• **Extracted records**
•••

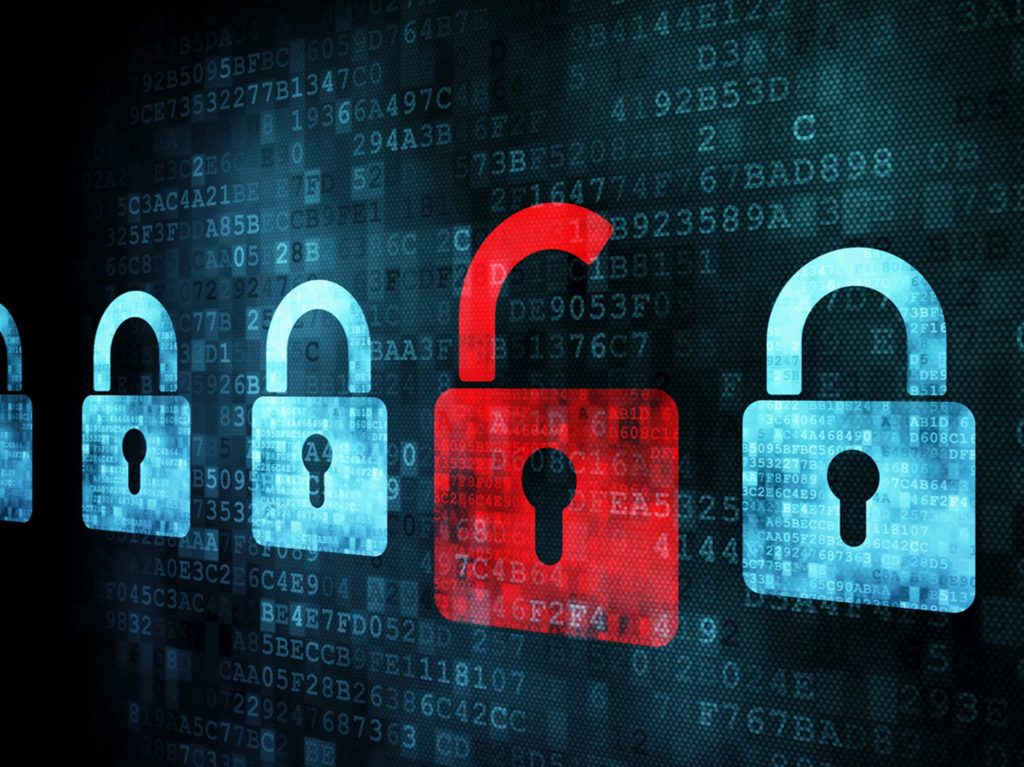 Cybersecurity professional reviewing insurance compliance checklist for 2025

•••

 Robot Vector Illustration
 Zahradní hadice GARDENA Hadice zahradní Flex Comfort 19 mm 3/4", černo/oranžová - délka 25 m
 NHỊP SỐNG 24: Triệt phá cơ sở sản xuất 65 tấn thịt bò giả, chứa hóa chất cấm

•••

• **Try it**
Of all the entries above, output exactly the lines between the one holding "Zahradní hadice GARDENA" and the one holding "NHỊP SỐNG 24: Triệt", inclusive.

• **Solution to the exercise**
 Zahradní hadice GARDENA Hadice zahradní Flex Comfort 19 mm 3/4", černo/oranžová - délka 25 m
 NHỊP SỐNG 24: Triệt phá cơ sở sản xuất 65 tấn thịt bò giả, chứa hóa chất cấm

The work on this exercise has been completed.